A evolução tecnológica, a inteligência artificial, o investimento na sustentabilidade e a inflação motivada por guerras, instabilidade geopolítica e por questões climáticas estão a mudar os padrões de consumo e a definir novos caminhos no setor agroalimentar. O preço dos produtos continua a ser uma preocupação para os consumidores, mas há outros fatores que assumem especial importância no momento da compra dos alimentos e bebidas. A aposta em produtos proteicos, sobretudo os de origem vegetal, assim como aqueles que trazem maior benefício para a saúde – particularmente intestinal e mental, os que são “mais amigos do ambiente e do planeta” e os que trazem maior prazer estão agora no topo das preferências dos consumidores e marcam as tendências do setor agroalimentar para o ano 2026. Estando cumprida a necessidade básica de “se alimentar”, os consumidores acrescentam camadas de critérios à seleção dos alimentos e bebidas que lhes permitam obter benefícios para o corpo e a mente, vivenciar experiências familiares e/ou inovadoras e que incluam conveniência e funcionalidade. Num mundo em constante mudança e cada vez mais global, os consumidores procuram também identidade e autenticidade dos produtos, numa evocação à tradição e às origens.
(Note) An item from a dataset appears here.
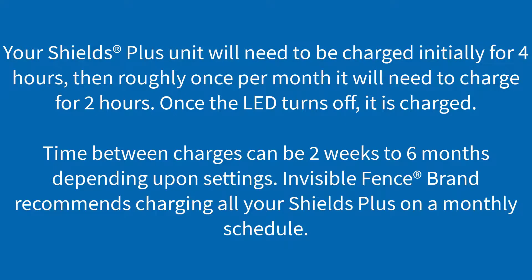Your Shields Plus unit will need to be charged initially for four hours, then roughly once per month it will need to charge for two hours. Once the LED turns off, it is charged. Time between charges ranges from two weeks to six months depending upon settings. Invisible Fence brand recommends charging all your Shields Pluses on a monthly schedule.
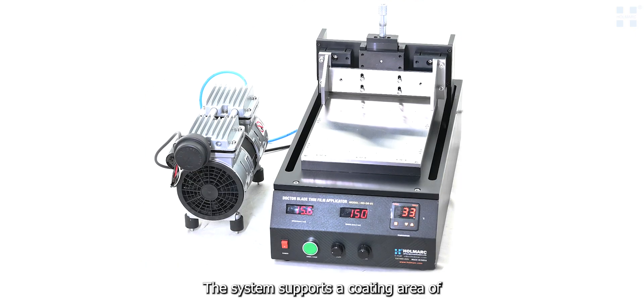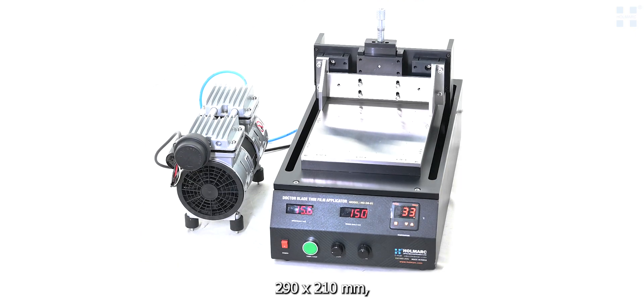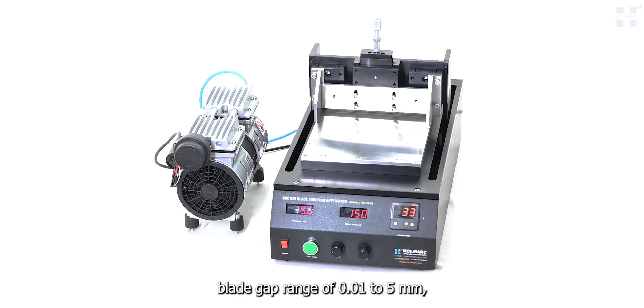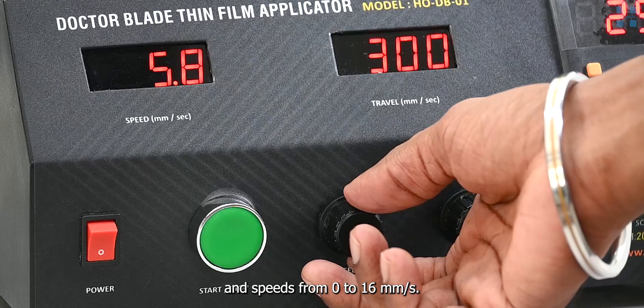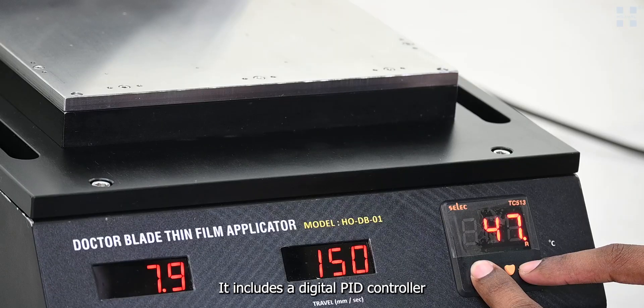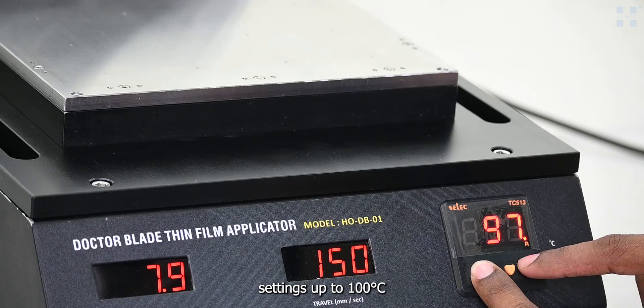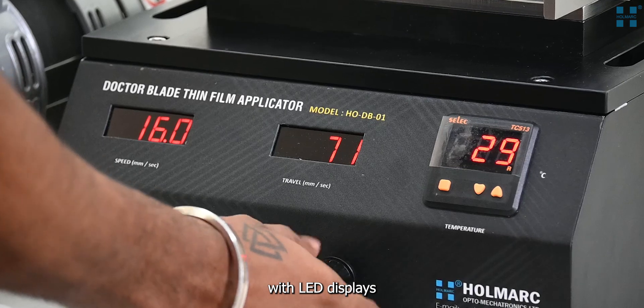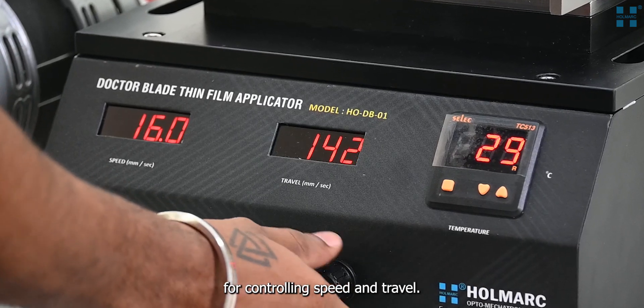The system supports a coating area of 290 by 210 millimeters, a blade gap range of 0.01 to 5 millimeters, and speeds from 0 to 16 millimeters per second. It includes a digital PID controller for temperature settings up to 100 degrees Celsius, and intuitive front panel knobs with LED displays for controlling speed and travel.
Estas são algumas das conclusões que a consultora internacional Innova Market Insights, a convite da PortugalFoods, entidade gestora do Portuguese Agrofood Cluster, apresentou hoje, no seminário “Trends 2026”, que juntou na Fundação Dr. António Cupertino de Miranda, no Porto, mais de 300 representantes da indústria agroalimentar e do sistema científico e tecnológico nacional.
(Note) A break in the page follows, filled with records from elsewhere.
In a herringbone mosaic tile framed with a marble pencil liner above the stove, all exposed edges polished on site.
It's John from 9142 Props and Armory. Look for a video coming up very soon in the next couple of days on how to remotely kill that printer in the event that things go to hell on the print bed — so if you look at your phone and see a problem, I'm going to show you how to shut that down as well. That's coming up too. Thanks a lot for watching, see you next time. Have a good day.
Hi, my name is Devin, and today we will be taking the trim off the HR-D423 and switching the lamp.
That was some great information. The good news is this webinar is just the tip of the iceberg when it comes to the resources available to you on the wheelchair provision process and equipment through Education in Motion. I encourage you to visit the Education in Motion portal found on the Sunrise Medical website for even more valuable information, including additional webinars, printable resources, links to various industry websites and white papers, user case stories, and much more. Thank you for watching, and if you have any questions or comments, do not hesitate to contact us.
“As tendências do setor agroalimentar para 2026 confirmam uma evolução clara nas preferências dos consumidores, que procuram cada vez mais produtos que combinem saúde, sustentabilidade e prazer, sem comprometer o valor económico. Esta conjugação de fatores desafia o setor a inovar de forma responsável e colaborativa, reforçando o papel estratégico das cadeias agroalimentares nacionais e internacionais na promoção de sistemas alimentares mais saudáveis, resilientes e inclusivos”, refere Deolinda Silva, Diretora Executiva da PortugalFoods. “É interessante constatar que a saúde, o prazer, a sustentabilidade ambiental e a acessibilidade económica deixam de ser valores isolados para se tornarem pilares integrados de decisão, orientando o desenvolvimento de produtos e modelos de negócio mais alinhados com os desafios sociais e ambientais que enfrentamos”, acrescenta.
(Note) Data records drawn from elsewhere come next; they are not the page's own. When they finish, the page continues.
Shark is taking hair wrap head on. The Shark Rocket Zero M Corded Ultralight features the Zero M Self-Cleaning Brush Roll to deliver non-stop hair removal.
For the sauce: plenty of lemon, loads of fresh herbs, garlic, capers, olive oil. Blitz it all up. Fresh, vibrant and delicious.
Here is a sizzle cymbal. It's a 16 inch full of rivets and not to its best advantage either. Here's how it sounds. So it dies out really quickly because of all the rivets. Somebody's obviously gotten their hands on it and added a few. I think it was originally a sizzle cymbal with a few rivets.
“O estudo Trends 2026 evidencia uma convergência clara entre inovação científica, expectativas do consumidor e responsabilidade sistémica. Observamos que áreas como as proteínas alternativas, a saúde digestiva e alimentos funcionais deixam de ser nichos para se tornarem motores centrais de crescimento, enquanto fatores como prazer, sustentabilidade e preço passam a ser avaliados de forma integrada nas decisões de compra a nível global”, refere Enric Tardio, da Innova Market Insights, consultora que anualmente monitoriza o comportamento do consumidor e o lançamento de novos produtos a nível global, desenvolvendo uma análise aprofundada às principais tendências de consumo e apontando as oportunidades de inovação para a indústria e para as marcas alimentares.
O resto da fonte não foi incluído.